**AVAILABLE DATA:**
◆ ◆ ◆ ◆ ◆ ◆ ◆
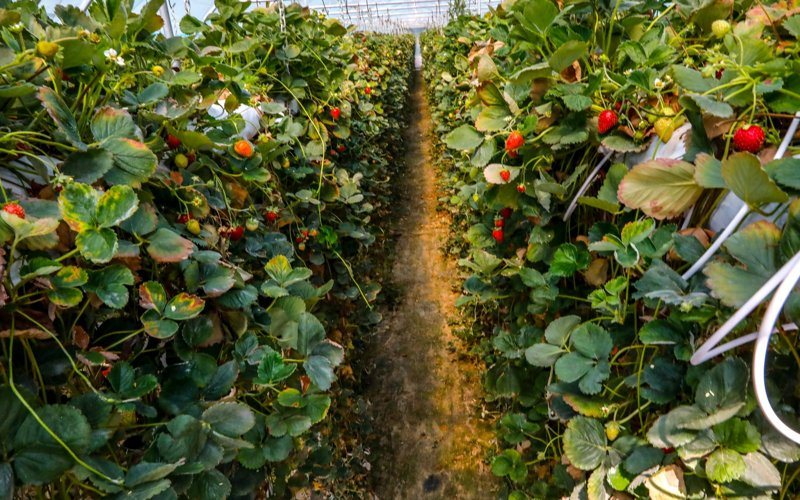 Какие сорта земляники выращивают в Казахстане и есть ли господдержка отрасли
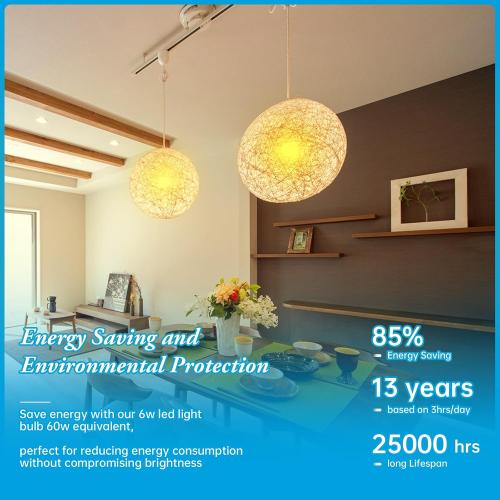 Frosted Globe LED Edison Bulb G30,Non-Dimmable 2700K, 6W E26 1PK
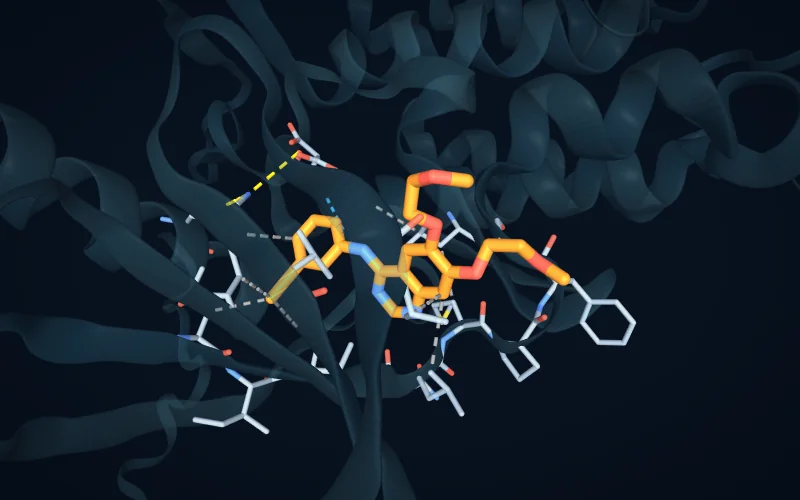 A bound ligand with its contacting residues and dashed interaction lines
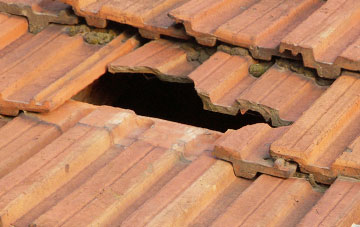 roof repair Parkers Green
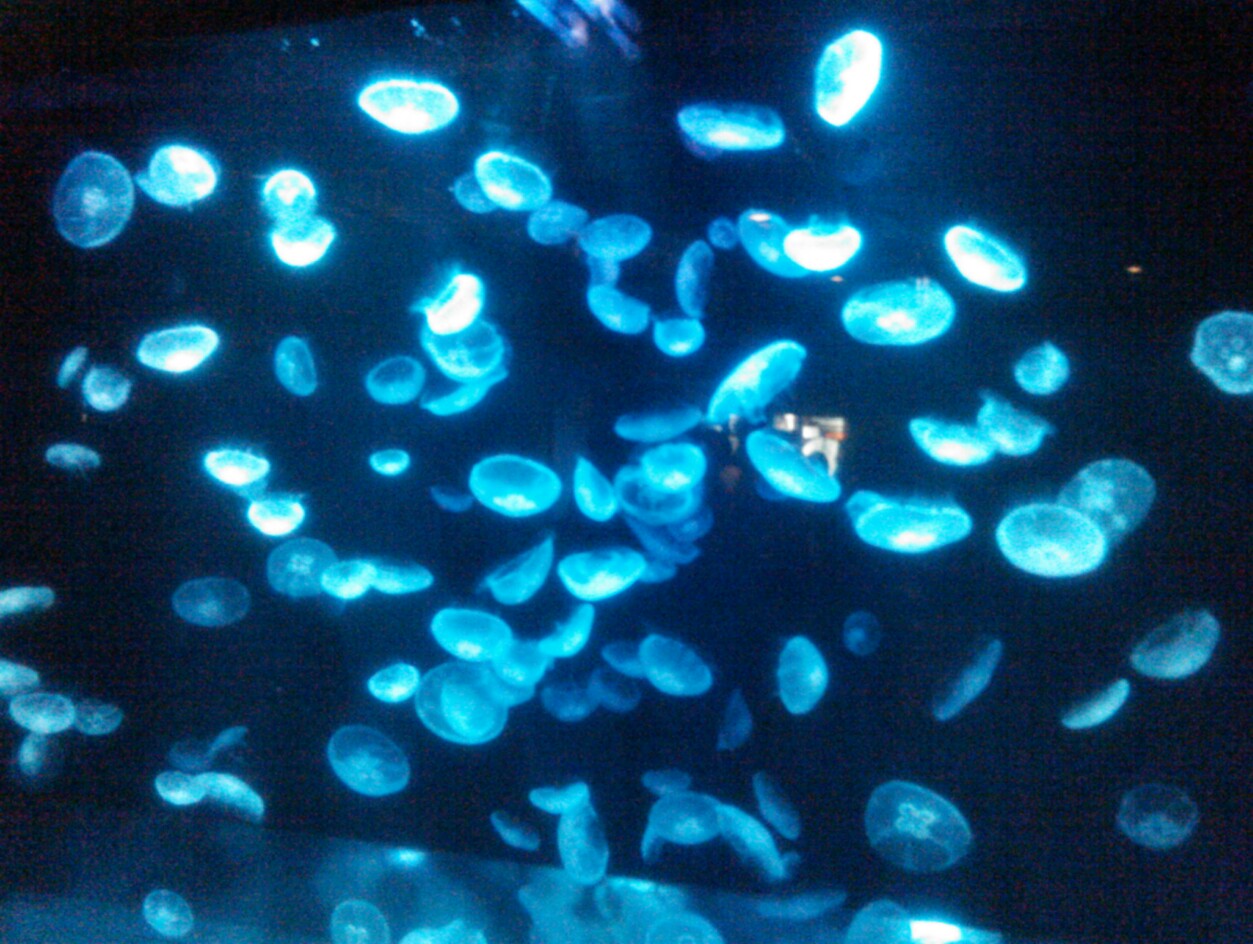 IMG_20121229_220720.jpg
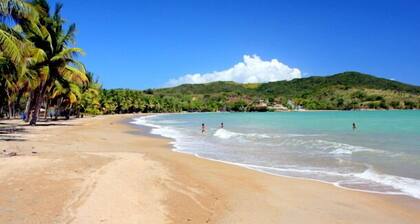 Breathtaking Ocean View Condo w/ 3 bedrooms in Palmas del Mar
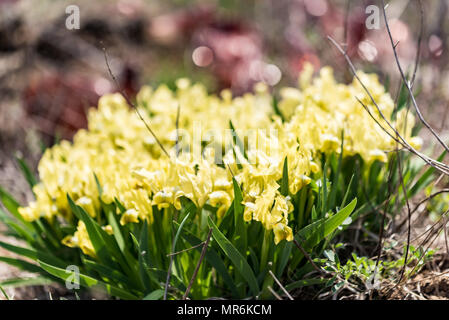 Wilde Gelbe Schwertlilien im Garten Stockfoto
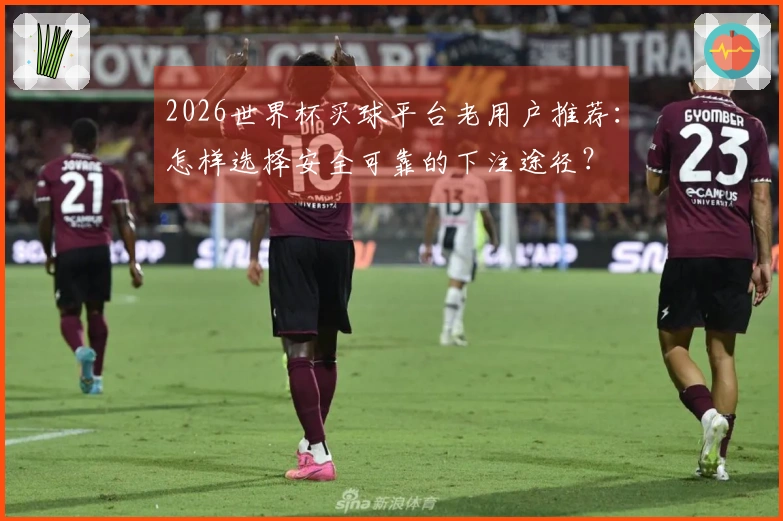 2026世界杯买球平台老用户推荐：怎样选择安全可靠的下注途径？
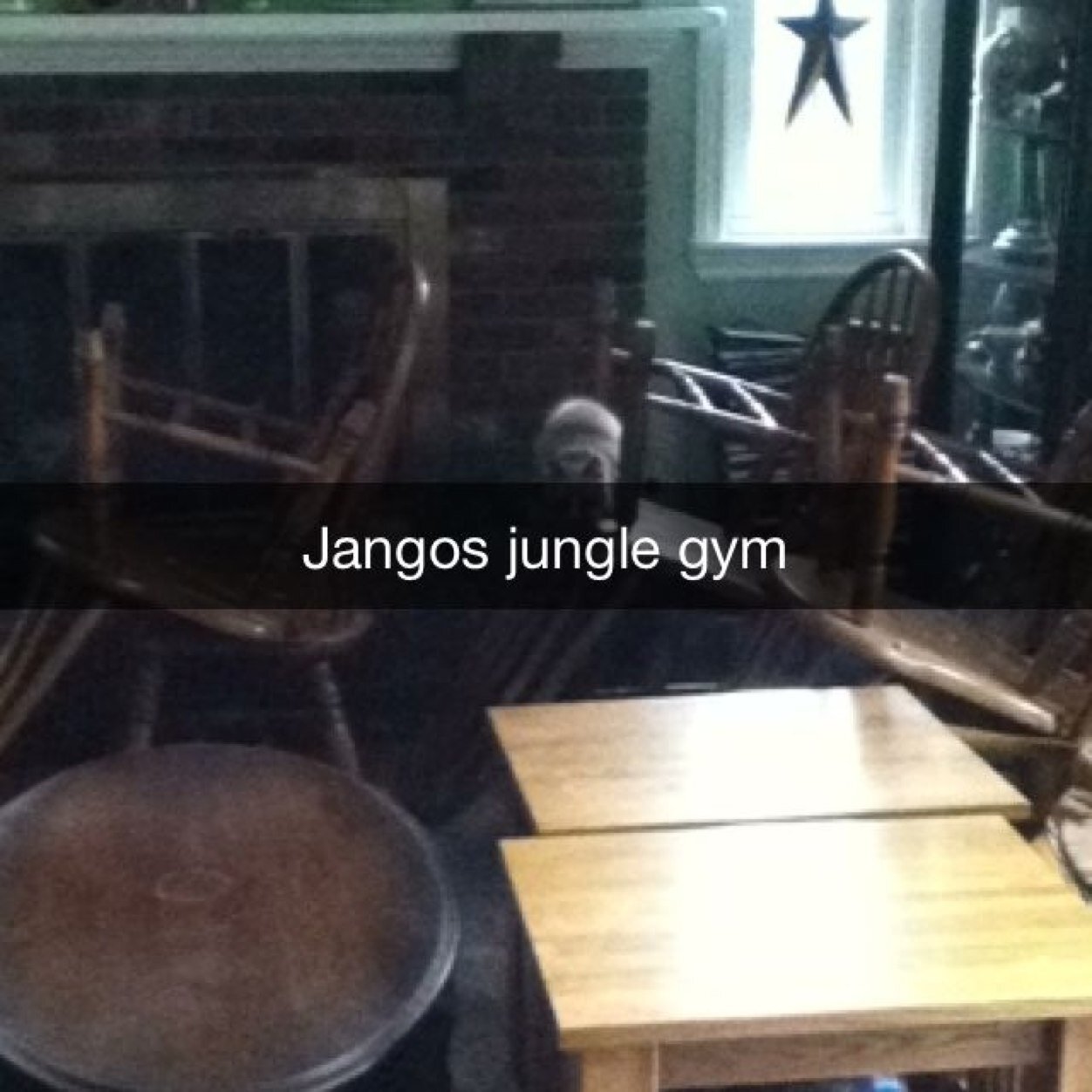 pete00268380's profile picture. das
◆ ◆ ◆ ◆ ◆ ◆ ◆
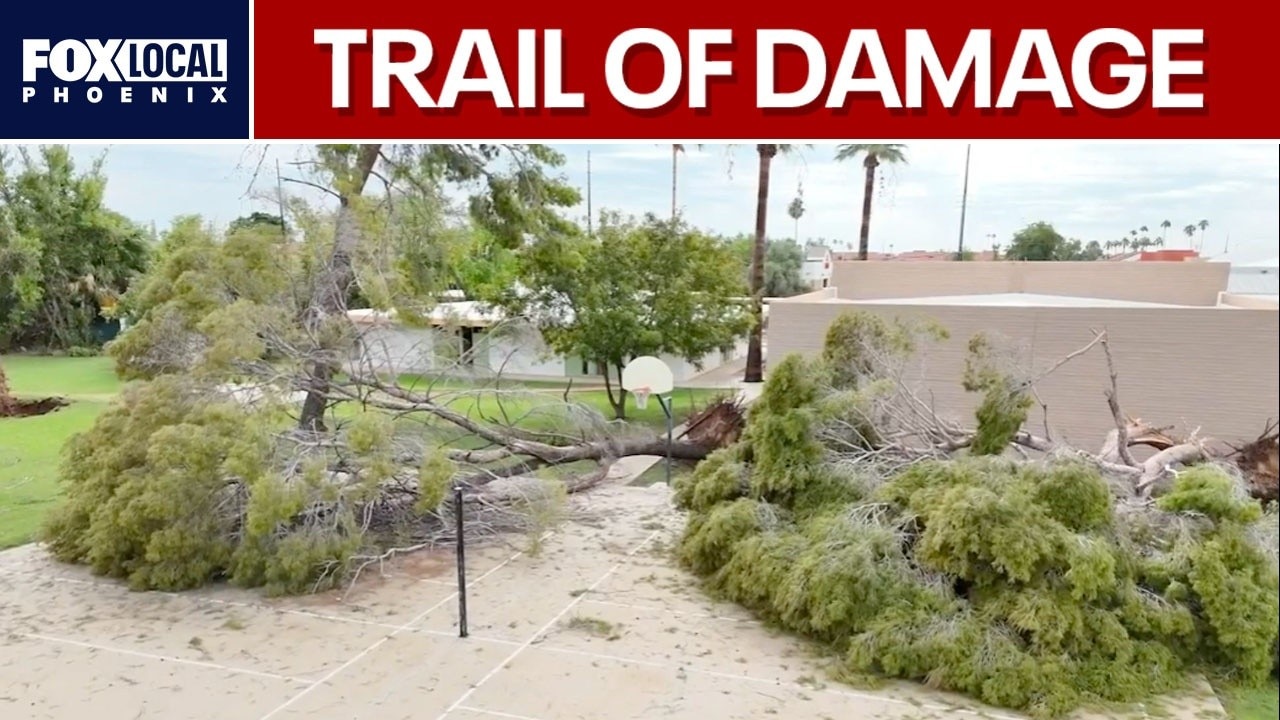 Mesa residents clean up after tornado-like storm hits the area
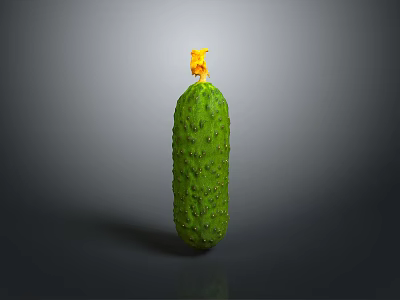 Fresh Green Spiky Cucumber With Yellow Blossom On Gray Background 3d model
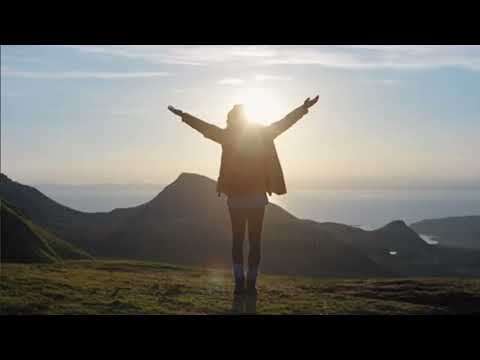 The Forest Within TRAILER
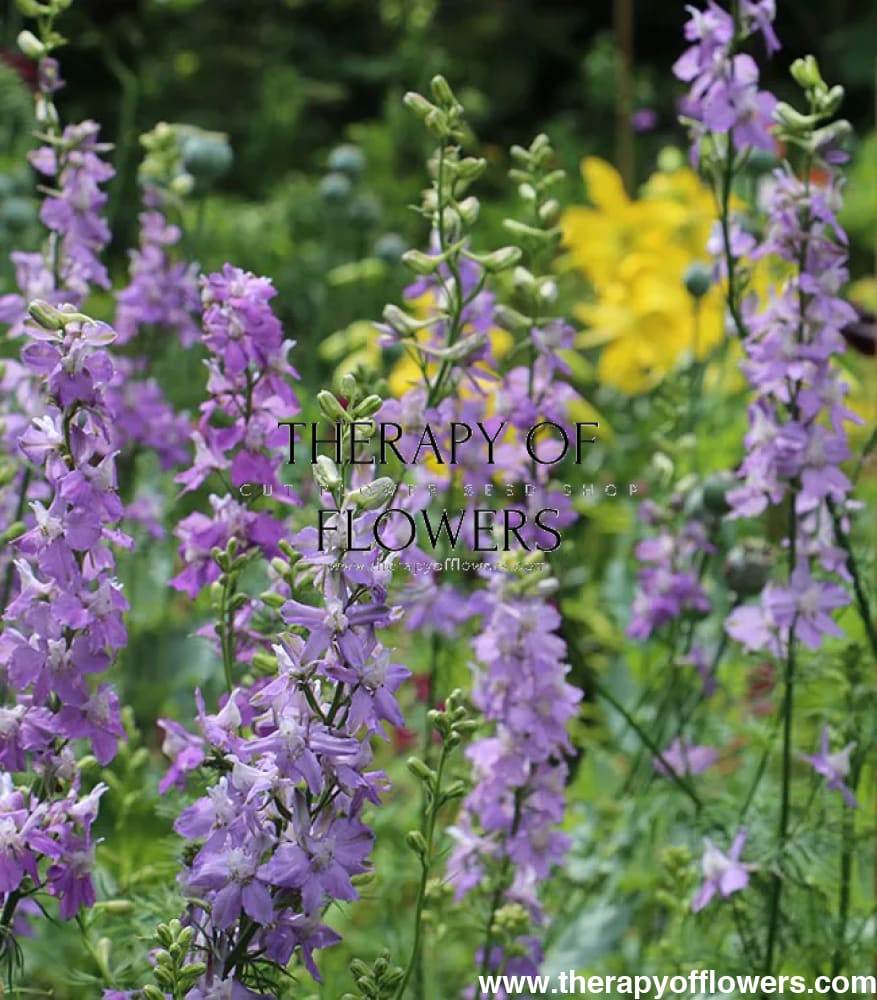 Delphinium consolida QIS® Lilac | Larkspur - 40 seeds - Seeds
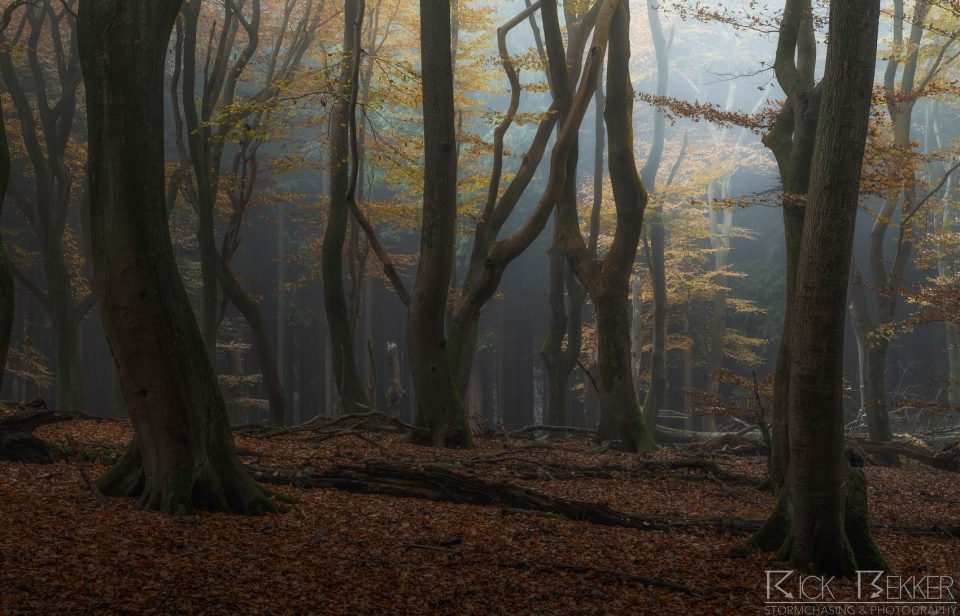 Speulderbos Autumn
◆ ◆ ◆ ◆ ◆ ◆ ◆
**PROBLEM TO SOLVE:**
Your answer should be the lines above, word for word, from the line with "Breathtaking Ocean View" through the line with "pete00268380's profile picture. das", minus the pictures.

**TASK OUTPUT:**
 Breathtaking Ocean View Condo w/ 3 bedrooms in Palmas del Mar
 Wilde Gelbe Schwertlilien im Garten Stockfoto
 2026世界杯买球平台老用户推荐：怎样选择安全可靠的下注途径？
 pete00268380's profile picture. das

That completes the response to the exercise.